→ **What to do**
Reproduce the listing below character for character; drop every image.

→ **Data section**
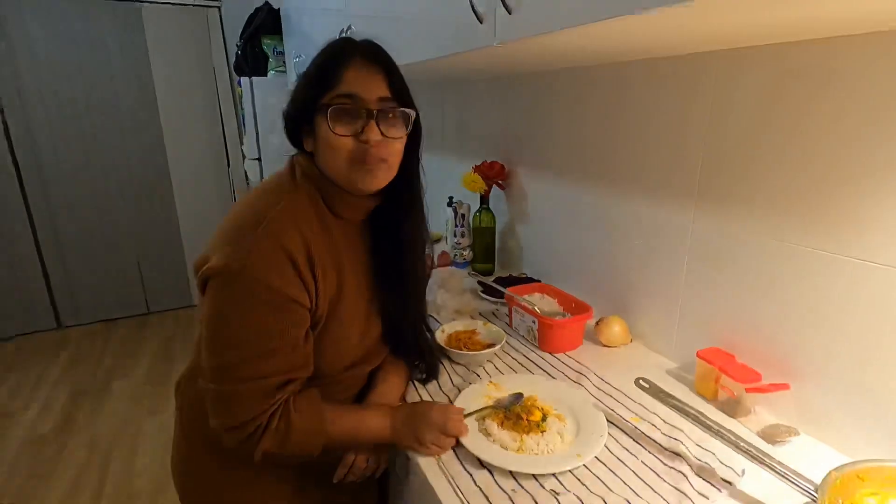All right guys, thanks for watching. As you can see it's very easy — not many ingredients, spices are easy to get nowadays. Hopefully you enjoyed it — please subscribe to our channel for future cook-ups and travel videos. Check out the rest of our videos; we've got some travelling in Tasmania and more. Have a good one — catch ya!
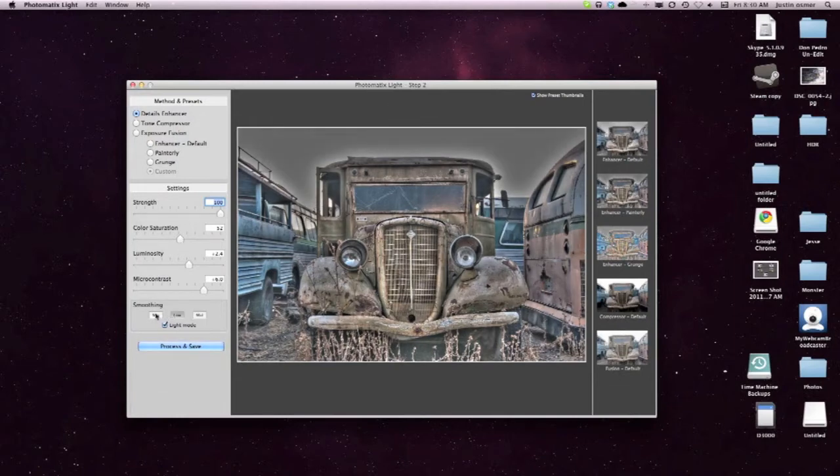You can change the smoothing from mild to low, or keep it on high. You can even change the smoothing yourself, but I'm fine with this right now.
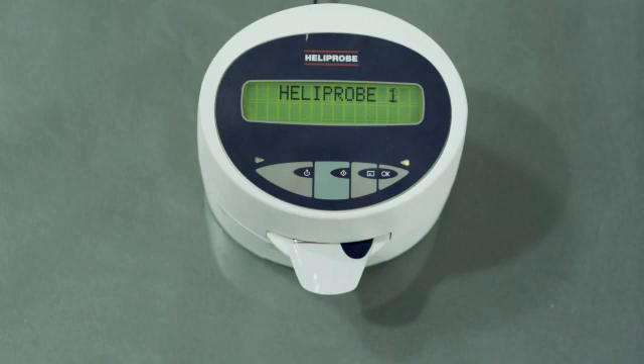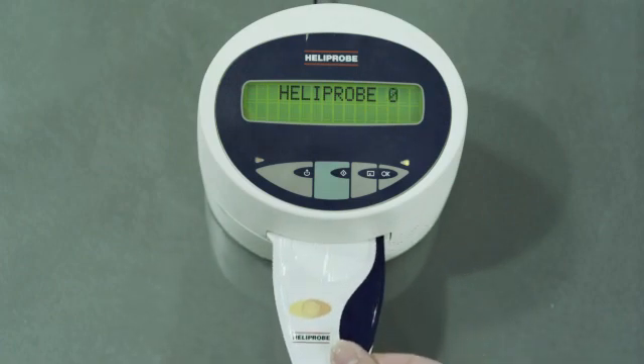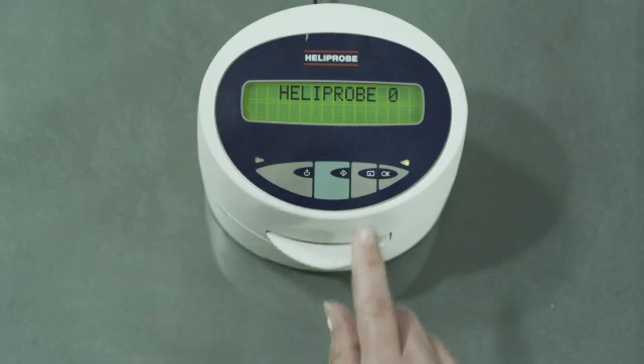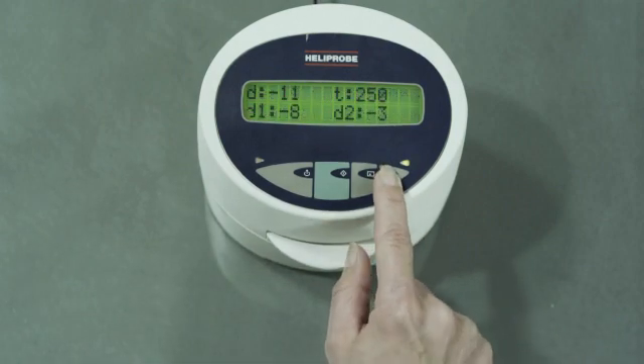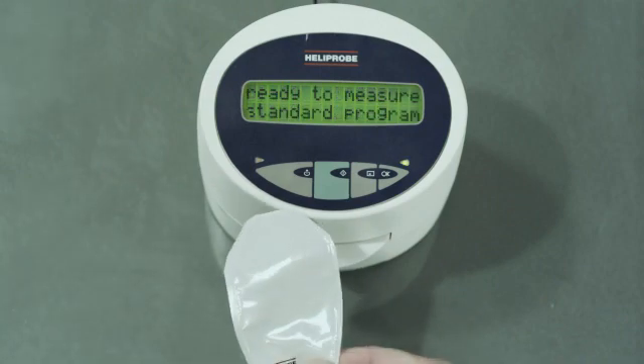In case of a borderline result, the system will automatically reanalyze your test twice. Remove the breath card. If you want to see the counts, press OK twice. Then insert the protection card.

→ **The completed task**
All right guys, thanks for watching. As you can see it's very easy — not many ingredients, spices are easy to get nowadays. Hopefully you enjoyed it — please subscribe to our channel for future cook-ups and travel videos. Check out the rest of our videos; we've got some travelling in Tasmania and more. Have a good one — catch ya!
You can change the smoothing from mild to low, or keep it on high. You can even change the smoothing yourself, but I'm fine with this right now.
In case of a borderline result, the system will automatically reanalyze your test twice. Remove the breath card. If you want to see the counts, press OK twice. Then insert the protection card.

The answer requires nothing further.